Throughout this column I've placed strong emphasis on the aspects of
Web 2.0 that concern open, shared data rather than flashy effects.
Certainly Ajax is important because when used well it can enhance the
usability of Web sites. But Web feeds, open, Web-friendly APIs, and
third-party plug-in and mashup capabilities are the real substance of
Web 2.0. One community closely associated with the Web's original
stewards, the W3C, is committed to a particular, coherent set of
practices along these lines. The Linking Open Data (LOD) community
combines the vision of the W3C for using semantic features to enhance
the Web with the pragmatism that characterizes mainstream Web 2.0. The
[stated] goal of the W3C SWEO Linking Open Data community project is
'to extend the Web with a data commons by publishing various open
datasets as RDF on the Web and by setting RDF links between data items
from different data sources.' The emphasis on RDF is natural for the
W3C, which has been pushing the technology for a decade, but one
development that gives LOD extra legs is the emergence of influential
voices realizing that insistence on strict RDF format across the board
is probably not the best present strategy for winning over Web
developers.

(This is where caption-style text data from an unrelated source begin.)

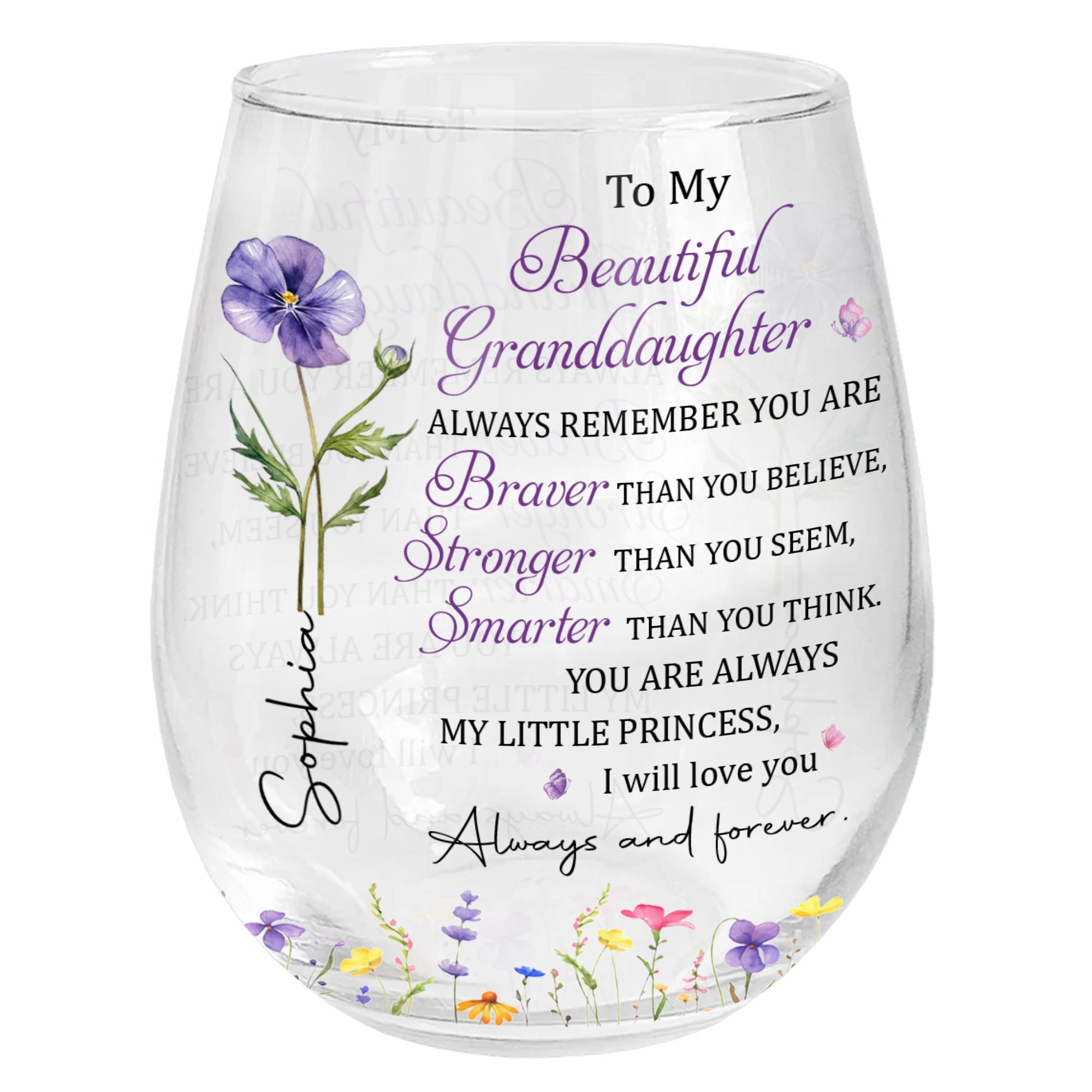 Personalized Stemless Wine Glass with Birth Month Flowers Gift for Granddaughter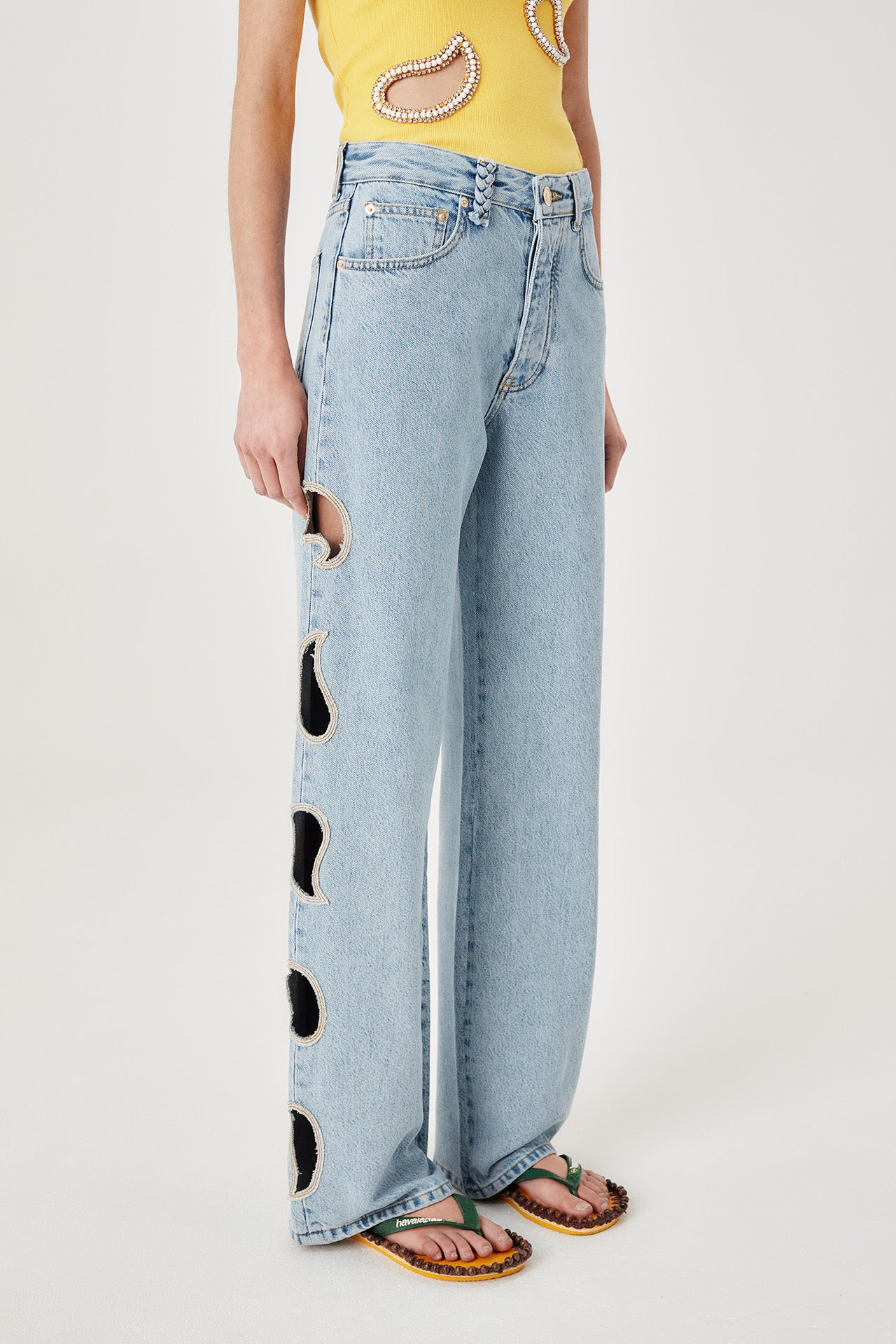 Denim à Découpes Paisley et Jambe Large | Tressé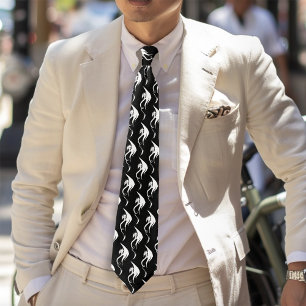 Bold Black White Tribal Dragon Illustration Design Tie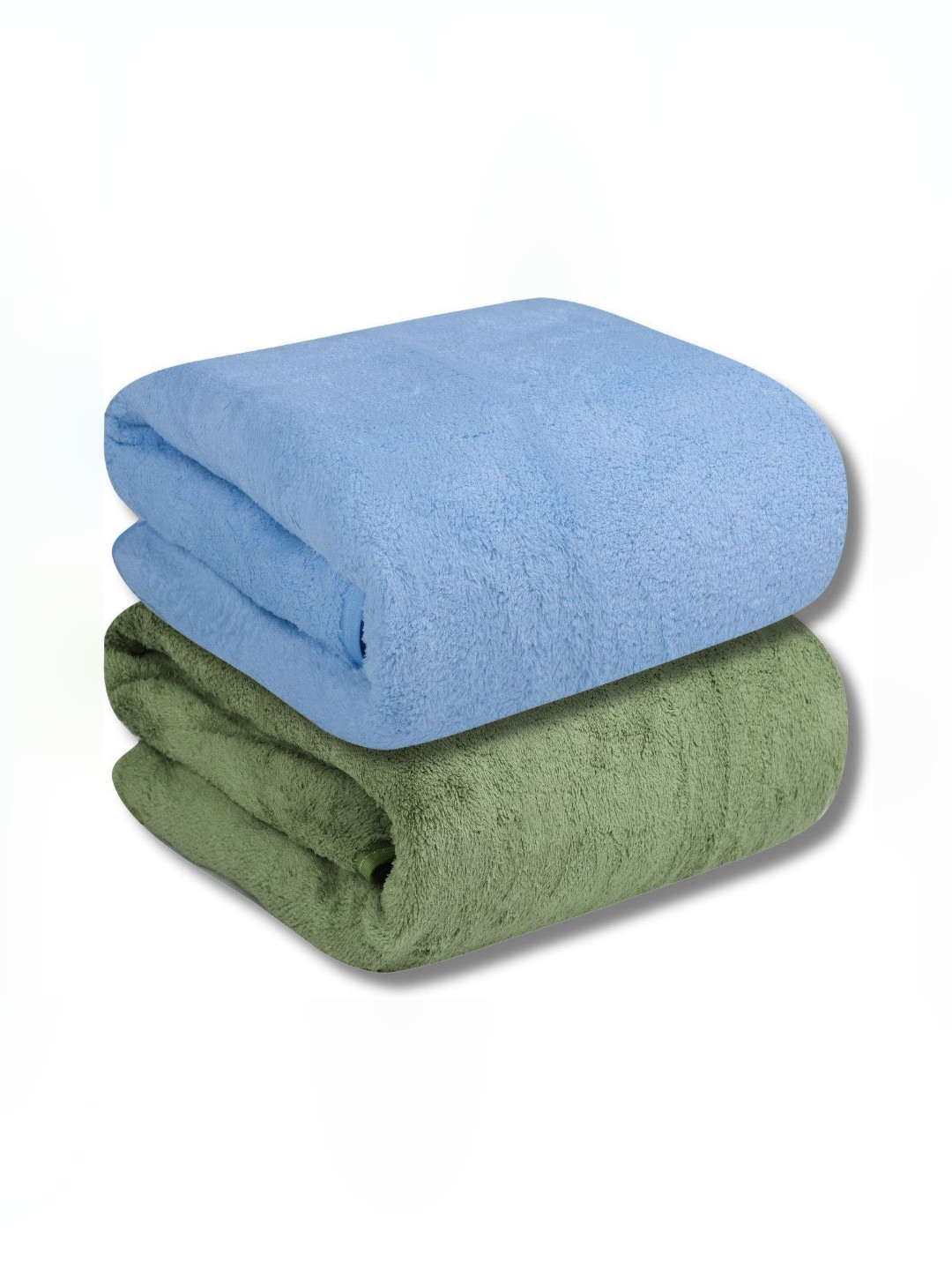 Fezora Green Solid Microfiber 400GSM Super Soft 2PCs Adult Regular Bath Towel-28x55In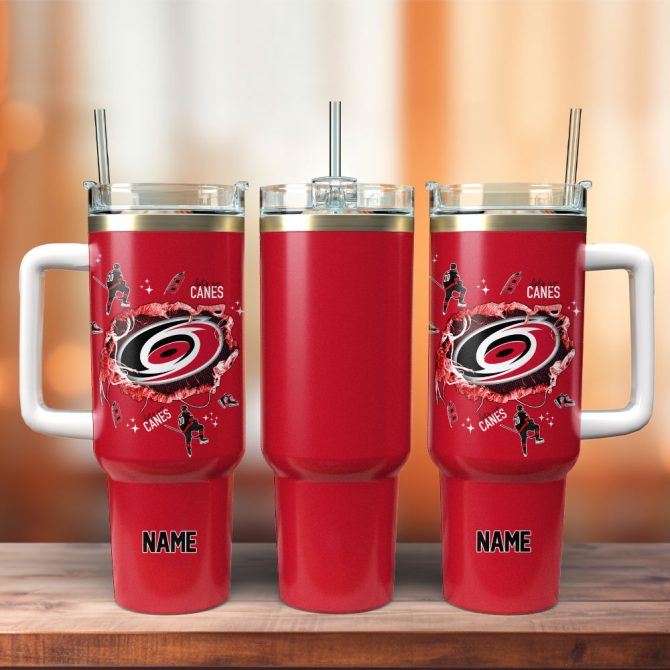 Carolina Hurricanes Ice Hockey Nhl Sport Custom Stanley Quencher 40Oz Stainless Steel Tumbler With Handle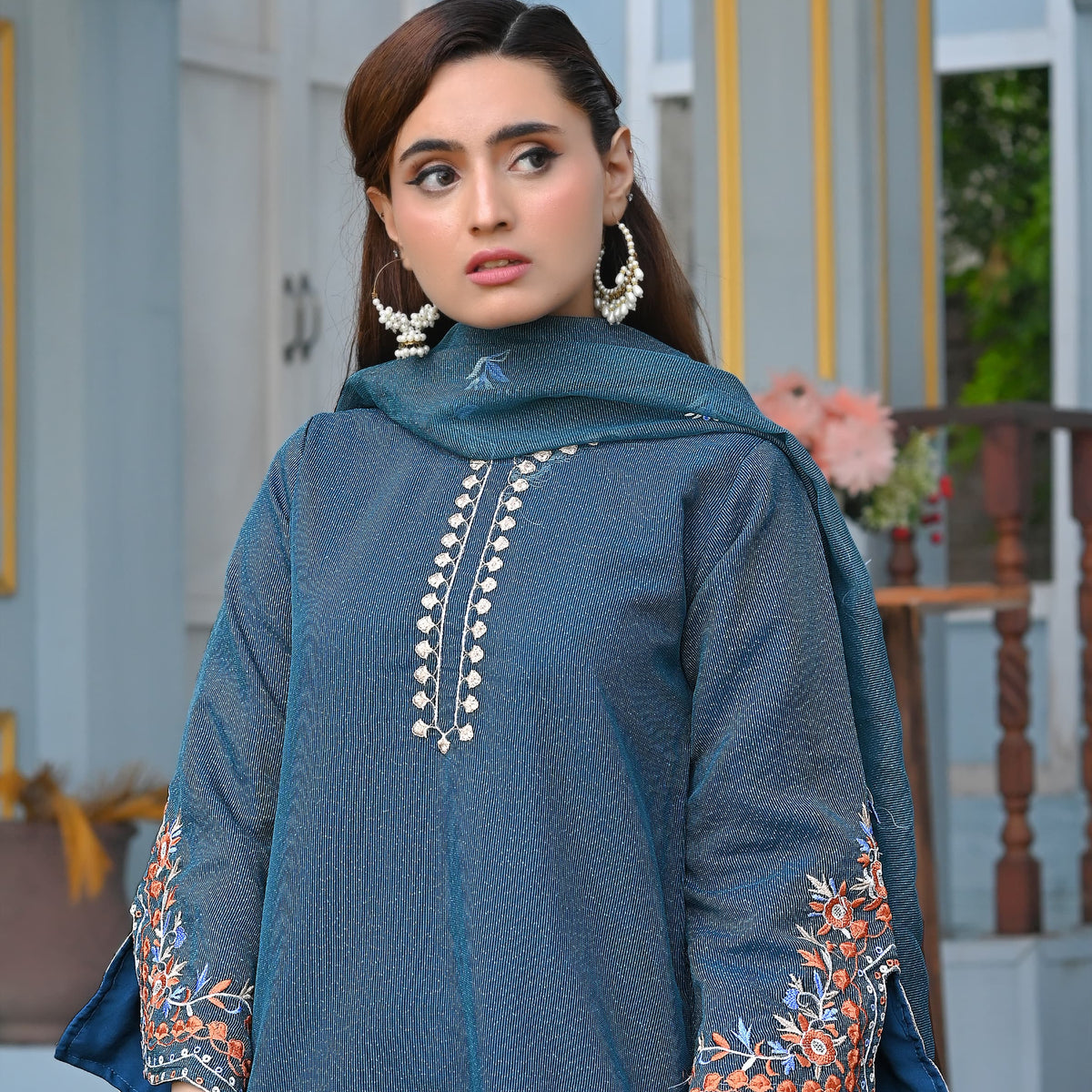 Noor-e-Rang Fancy 3PC Embroidered Khaddi Net Zink Colour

LOD supports RDF as a conceptual model, but the new
emphasis is more on linking and openness than on any one syntax. After
all, RDF is merely URIs, links, and labels, so any model that includes
these three can readily work with RDF systems. The full LOD community
is a penumbra around the W3C-led core who support all the advantages of
opening up data that I've discussed so far in this column, and who see
RDF, Atom, JSON, and so on as merely tools for Web developers to open
up their data. LOD means making it easier for people to discover
important things you place on the Web, and making it easier for them
to do unexpected, fruitful things with them. The next time you have a
Web project, start by thinking of it in terms of what information and
non-information resources are represented in the Web app, and do
everything you can to give each one a well-designed HTTP URI and a
semantically rich data format, and create links, links, and more links.